→ **Problem statement**
Every entry in the data that follows should come back exactly, pictures aside.
━━━ Provided records
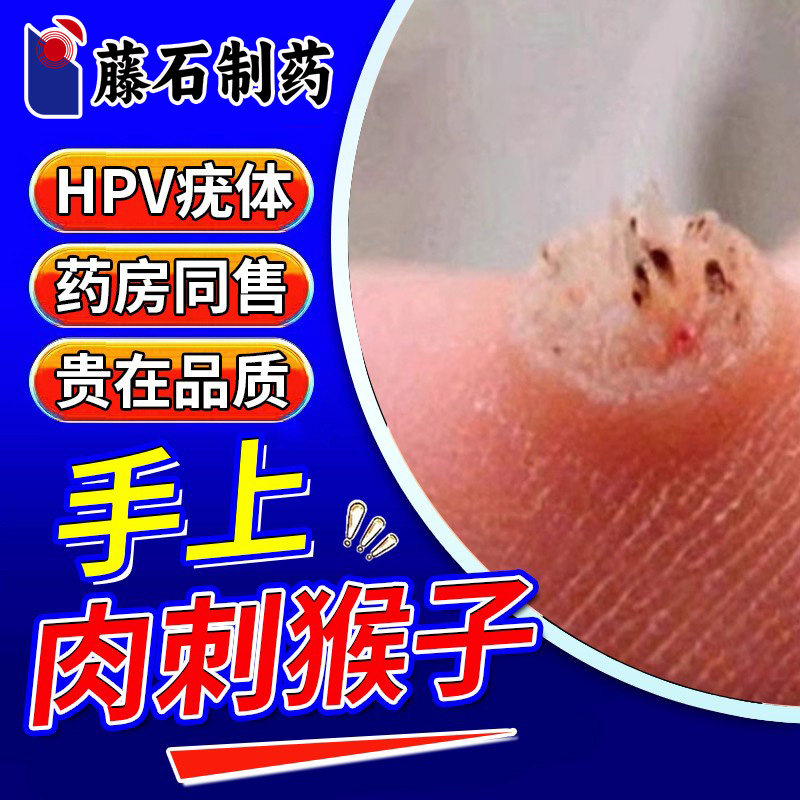 肉刺猴子药房同售膏水手上长疣瘊子肉粒根疙瘩点疣体老茧CA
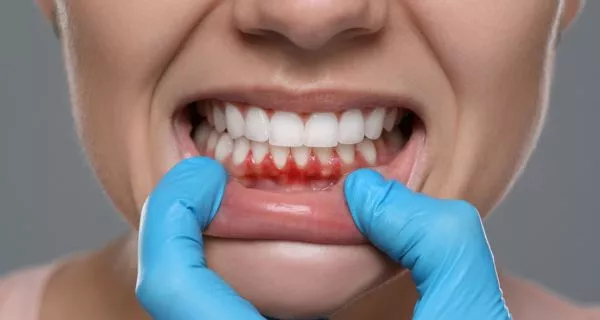 What happens when the mouth is too dry?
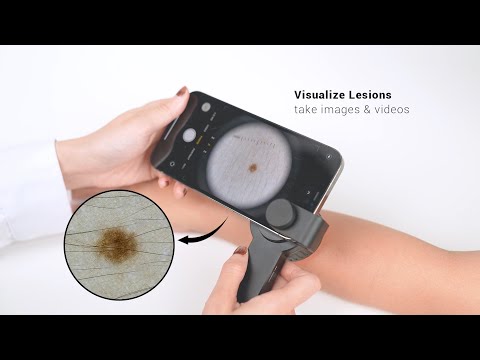 IBOOLO DE 3100 dermatoscope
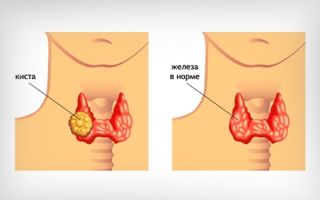 Киста и узлы щитовидной железы — в чем разница и какие особенности, все о гомеопатии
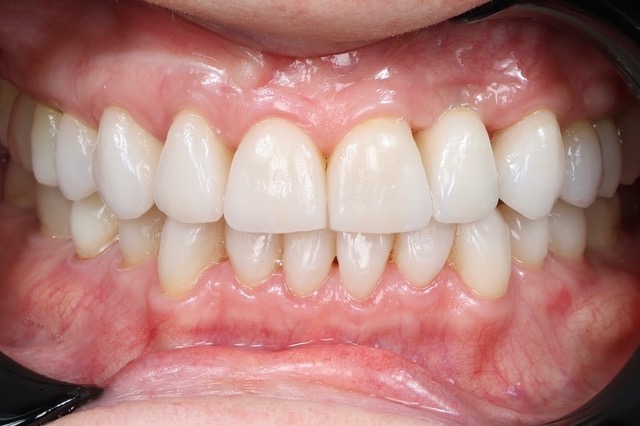 Porcelain Veneers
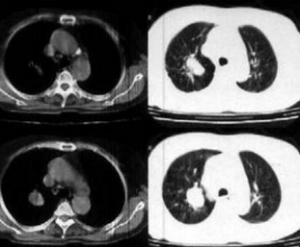 陳舊性病變 陳舊性病變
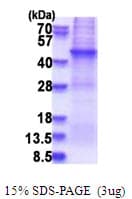 Human AFAP1 / AFAP Protein (Recombinant His)
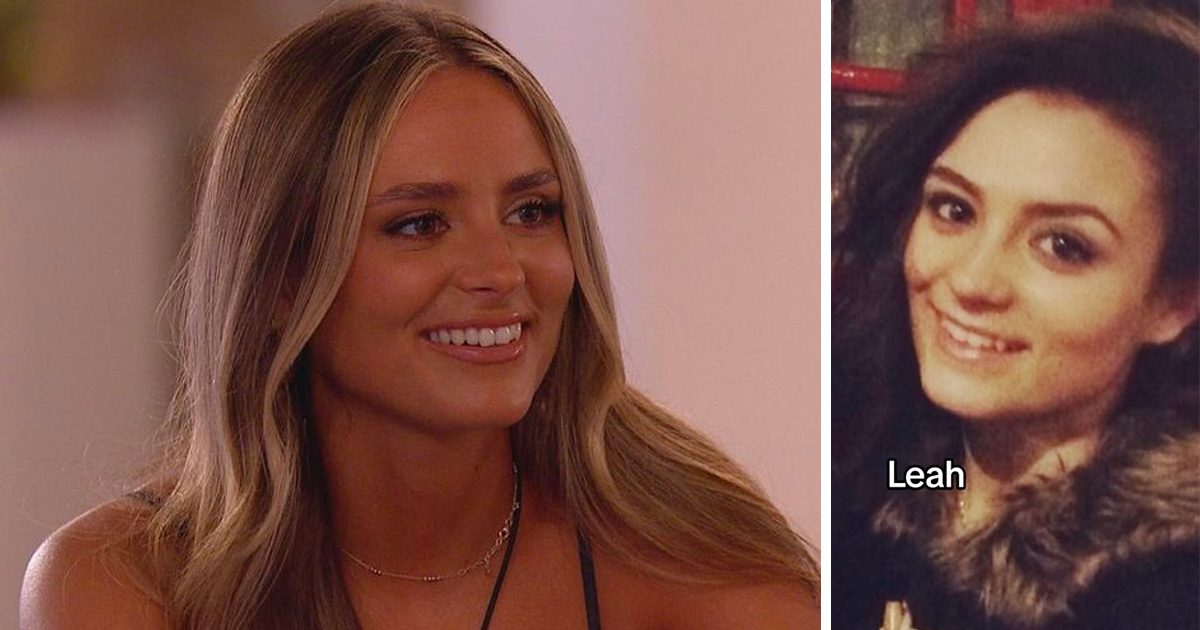 leah love island usa plastic surgery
━━━━━━
→ **Response area**
 肉刺猴子药房同售膏水手上长疣瘊子肉粒根疙瘩点疣体老茧CA
 What happens when the mouth is too dry?
 IBOOLO DE 3100 dermatoscope
 Киста и узлы щитовидной железы — в чем разница и какие особенности, все о гомеопатии
 Porcelain Veneers
 陳舊性病變 陳舊性病變
 Human AFAP1 / AFAP Protein (Recombinant His)
 leah love island usa plastic surgery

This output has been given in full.